Two of the country’s most experienced judges ruled last month that the media could identify Mr. Marandi.
They concluded that open justice was a fundamental principle and that anonymity should be permitted only in exceptional circumstances.
“My only surprise is that the anonymity order was granted in the first place,” said Mr. Justice Mostyn. It should never have been granted due to procedural inequity and a clear absence of merit.”
The expression “political bombshell”
Duncan Hames, Transparency International UK’s policy director, said the Conservative Party had questions.
“This is a political bombshell,” he declared. “Today, we learned that a donor of hundreds of thousands of dollars to a British political party was, in the words of the judge, an important figure in court proceedings concerning a significant money-laundering operation.
“This should be concerning not only to those who are concerned about where the money came from. It also shows how easy it is for money to enter political parties without sufficient checks on its sources.”

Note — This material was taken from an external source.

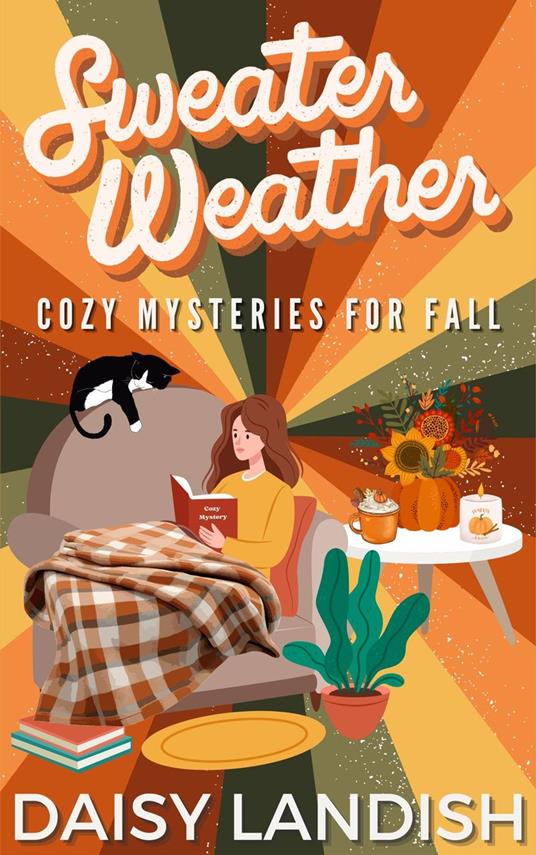 Sweater Weather: Cozy Mysteries for Fall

The former Liberal Democrat representative continued, “It is insufficient to merely verify that a person is on the electoral register. Our political parties must be much more selective about the donors they accept.
A spokesperson for the Conservative Party stated in a statement that the party only receives donations from “permissible sources, namely UK electoral roll-registered individuals and UK-registered companies.”
“Donations are properly and transparently declared to the Electoral Commission, openly published by them, and fully comply with the law.”